Re: Adding an ioctl to check for disklabel existence

2019-10-03 Thread Martin Husemann
On Thu, Oct 03, 2019 at 02:42:10PM +0200, Rhialto wrote:
> I was thinking the other day that it might be useful if gpt had a
> subcommand to spit out a script to duplicate the partitioning of a disk,
> but without the "unique" parts. The script would of course be
> hand-editable for any changes one might want to make.

Just create a backup of the gpt (gpt backup [-o outfile]), restore it
on the other disk (gpt restore [-F] [-i infile]) and swap the IDs
(gpt uuid [-a]).

In a few days you will also be able to use sysinst to do this (optionally
including the binary content of the partitions or just the partitions
so you can apply more efficient options for the content), this is a side
effect of some improvements I am currently working on.

Martin


Re: Adding an ioctl to check for disklabel existence

2019-10-03 Thread Rhialto
On Wed 02 Oct 2019 at 19:40:01 -0700, John Nemeth wrote:
>  Cloning disks always presents issues.  However, gpt(8) has
> grown a "uuid" command to generate new UUIDs.  This was primarily
> done to help with the cloning problem.  Cloning a disk and then
> putting two disks with the same UUIDs on the same system is an
> operator error.

I was thinking the other day that it might be useful if gpt had a
subcommand to spit out a script to duplicate the partitioning of a disk,
but without the "unique" parts.
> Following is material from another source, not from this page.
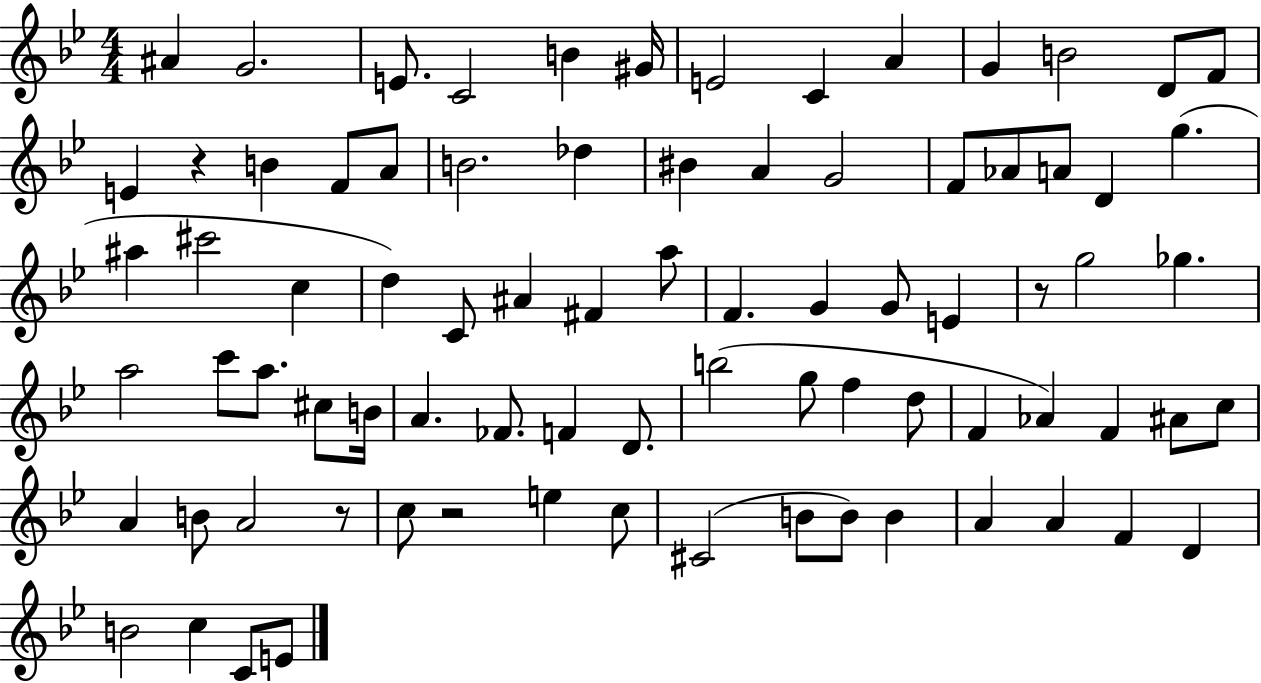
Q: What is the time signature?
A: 4/4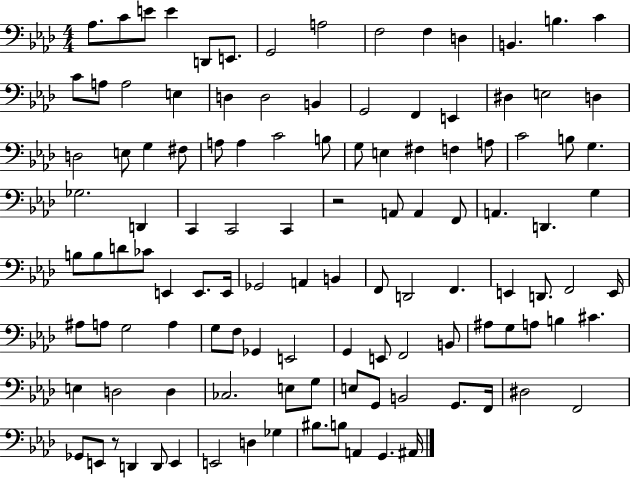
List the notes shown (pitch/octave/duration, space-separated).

Ab3/e. C4/e E4/e E4/q D2/e E2/e. G2/h A3/h F3/h F3/q D3/q B2/q. B3/q. C4/q C4/e A3/e A3/h E3/q D3/q D3/h B2/q G2/h F2/q E2/q D#3/q E3/h D3/q D3/h E3/e G3/q F#3/e A3/e A3/q C4/h B3/e G3/e E3/q F#3/q F3/q A3/e C4/h B3/e G3/q. Gb3/h. D2/q C2/q C2/h C2/q R/h A2/e A2/q F2/e A2/q. D2/q. G3/q B3/e B3/e D4/e CES4/e E2/q E2/e. E2/s Gb2/h A2/q B2/q F2/e D2/h F2/q. E2/q D2/e. F2/h E2/s A#3/e A3/e G3/h A3/q G3/e F3/e Gb2/q E2/h G2/q E2/e F2/h B2/e A#3/e G3/e A3/e B3/q C#4/q. E3/q D3/h D3/q CES3/h. E3/e G3/e E3/e G2/e B2/h G2/e. F2/s D#3/h F2/h Gb2/e E2/e R/e D2/q D2/e E2/q E2/h D3/q Gb3/q BIS3/e. B3/e A2/q G2/q. A#2/s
The script would of course be
hand-editable for any changes one might want to make.

Such functionality would be the equivalent of using disklabel to get the
editable text-version of a disklabel from one disk, and applying it to a
different disk.

I use this sort of thing if I want to create a backup disk which should
have the same layout as the original.

There is "gpt backup", but the manual page mentions "It should not be
modified" and it contains the guids of the partition which in many cases
should NOT be duplicated. It also isn't very readable.
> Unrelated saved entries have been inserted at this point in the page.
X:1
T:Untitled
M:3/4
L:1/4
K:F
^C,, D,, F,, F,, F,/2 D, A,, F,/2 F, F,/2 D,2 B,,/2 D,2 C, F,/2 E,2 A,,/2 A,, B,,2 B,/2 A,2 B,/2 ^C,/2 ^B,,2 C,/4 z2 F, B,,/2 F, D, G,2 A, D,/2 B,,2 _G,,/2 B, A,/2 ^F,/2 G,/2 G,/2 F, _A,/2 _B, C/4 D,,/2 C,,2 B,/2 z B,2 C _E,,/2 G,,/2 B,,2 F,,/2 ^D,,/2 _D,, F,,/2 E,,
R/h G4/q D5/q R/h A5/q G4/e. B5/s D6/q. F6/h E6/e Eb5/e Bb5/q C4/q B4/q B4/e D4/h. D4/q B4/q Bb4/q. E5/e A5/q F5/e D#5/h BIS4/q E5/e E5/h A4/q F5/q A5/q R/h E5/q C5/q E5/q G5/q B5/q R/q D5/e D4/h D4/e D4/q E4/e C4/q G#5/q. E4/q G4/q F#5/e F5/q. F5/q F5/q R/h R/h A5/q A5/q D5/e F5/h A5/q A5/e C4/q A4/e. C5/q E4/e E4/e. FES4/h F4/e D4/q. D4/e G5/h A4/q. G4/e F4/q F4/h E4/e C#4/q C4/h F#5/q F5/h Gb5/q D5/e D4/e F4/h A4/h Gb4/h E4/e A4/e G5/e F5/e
The intermediate solution I have used so far is to partition my disks in
all cases using a simple script, and keep the script corresponding to
each disk, so that I can use it again later. But if you didn't
originally partition a disk this way, it doesn't help.

-Olaf.
-- 
Olaf 'Rhialto' Seibert -- rhialto at falu dot nl
___  Anyone who is capable of getting themselves made President should on
\X/  no account be allowed to do the job.   --Douglas Adams, "THGTTG"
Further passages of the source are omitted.